The government of Alberta has granted C$2m ($1.5m) towards a feasibility study into a Canada’s first “hydrogen community”, a brand new housing development that the project sponsors say will be 100% powered by H2.

Hydrogen: hype, hope and the hard truths around its role in the energy transition
Will hydrogen be the skeleton key to unlock a carbon-neutral world? Subscribe to the weekly Hydrogen Insight newsletter and get the evidence-based market insight you need for this rapidly evolving global market

Hydrogen heating has proved controversial in Europe, as some residents raise concerns about the high cost of hydrogen, safety and the sustainability of H2 supply.

The Bremner Hydrogen Community will be an entirely new neighbourhood on the outskirts of the city of Edmonton, which could ultimately house 85,000 people, expanding the city’s population by 8%.

The cash, granted by local development agency Alberta Innovates as part of a C$20m package of hydrogen-related grants, will fund both a feasibility study into the project as well as at least one demonstration home, Hydrogen Insight understands.

But the “100% hydrogen” label does not extend to the power supply, which will be delivered from the province’s grid and maybe onsite solar, said Canadian gas company ATCO, which is running the project with real estate developer Qualico.

Final investment decision is scheduled for the end of the two-year study, with the first houses occupied by the end of 2025, ATCO said.

The houses can be expected to sell for the same money as an equivalent gas-connected home, the company said. But it was unable to say how hydrogen running costs would compare to fossil gas, noting that this is in the gift of the provincial government which is still working on a regulatory regime for H2.

No decision has been made on where the hydrogen for the housing development would come from — ATCO said this would be one of the questions addressed in the feasibility study — but the developers are considering a range of options, including on-site production, sourcing from a third party and delivering the H2 by pipeline, or a combination of the two.
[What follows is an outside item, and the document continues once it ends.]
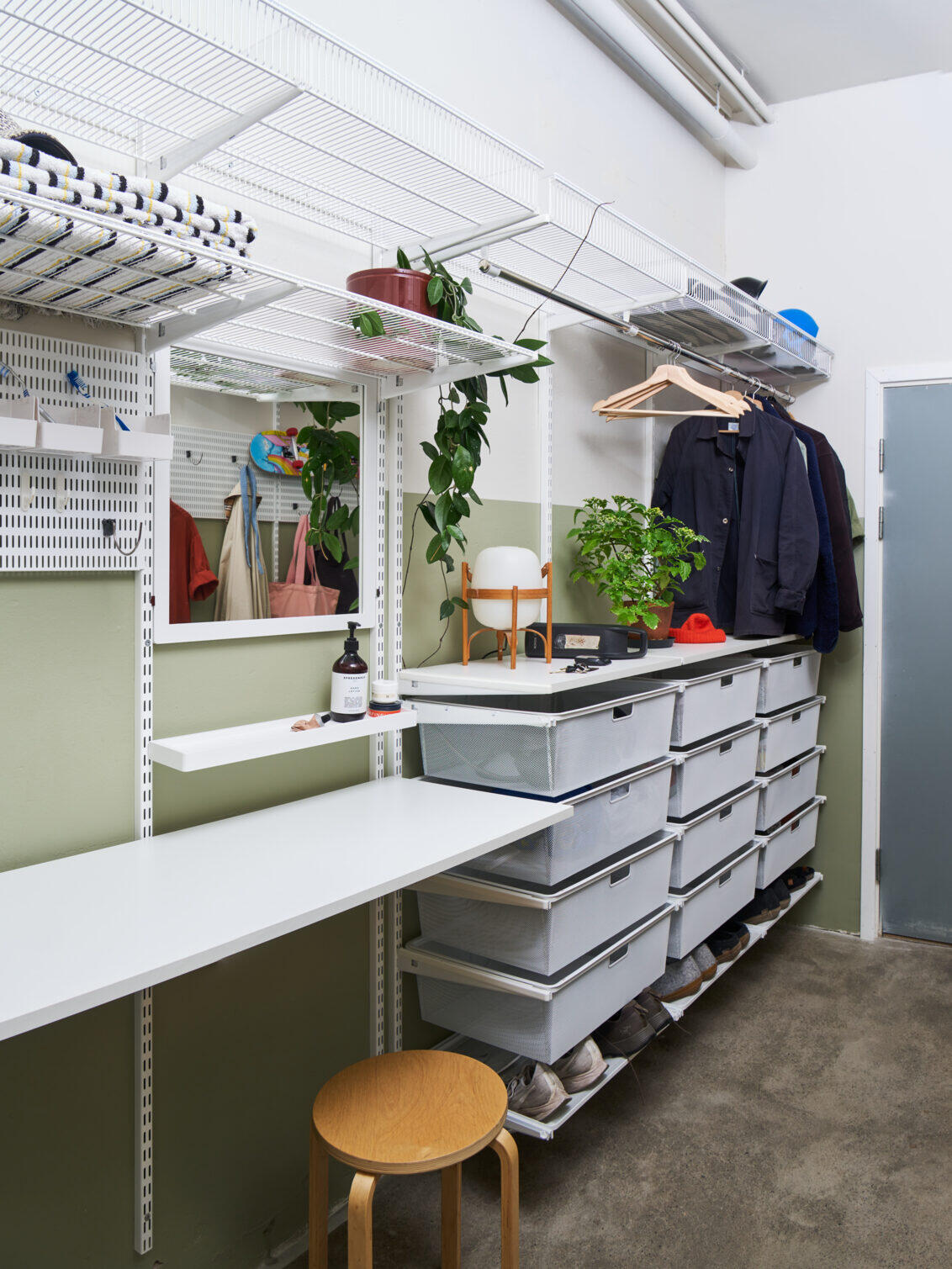 Oppbevaring med brett og hyller i både moderne og industrielle miljøer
“The decision will be based on a combination of security of supply, capacity, scalability, carbon intensity, and commercial considerations,” a spokesman told Hydrogen Insight.

But the firm appears to be leaning towards using Alberta-sourced blue hydrogen made with fossil gas and carbon capture and storage (CCS), which it claims will be cost competitive with fossil gas by 2030 as a result of Canada’s carbon tax, currently around C$50/tonne.

“Alberta is one of the lowest cost jurisdictions globally for H2 production and has a mature CCUS [carbon capture utilisation and storage] industry inclusive of capture, pipeline, and sequestration infrastructure,” a spokesman for ATCO told Hydrogen Insight.

“The lifecycle carbon intensity of the hydrogen produced from these projects is estimated to be 90-95% lower than natural gas.”

The province is a massive oil and gas hub, playing host to a multitude of fossil fuel developers as well as Shell’s flagship Quest CCS hydrogen production facility in Edmonton.

However capture rates at Quest are estimated at around 48%, far below the 90% benchmark usually touted by blue H2 proponents.

Alberta Innovates also handed out cash to 18 other hydrogen research and innovation projects in the province, including a methane pyrolysis scheme run by Aurora Hydrogen, and four hydrogen blending projects, including one run by TransCanada, which operates giant transnational pipelines across the US, Canada and Mexico.

Funding was also extended to an ammonia project, a hydrogen engine retrofit programme and several hydrogen storage schemes.

And ATCO has also received C$876,000 to build a hydrogen-fuelled operations centre at its hydrogen blending facility in Fort Saskatchewan. The company is blending up to 5% H2 into a small section of its local gas network.

The funding announcement comes as European countries face an uphill battle to instigate domestic hydrogen heating demonstrations, on the back of warnings that hydrogen is both more expensive, less efficient and potentially less safe than fossil gas or heat pumps.

In the UK, plans to roll out a hydrogen trial in the north of England has led to a householder rebellion in the trial zone, while in Scotland the gas distributor behind a green H2 domestic demonstration project has had trouble getting volunteers to sign up for it.

And the European Parliament recently voted to make “all efforts” to avoid using hydrogen in domestic heating.

But in Germany and the Netherlands, trials to test hydrogen heating in small communities are well underway.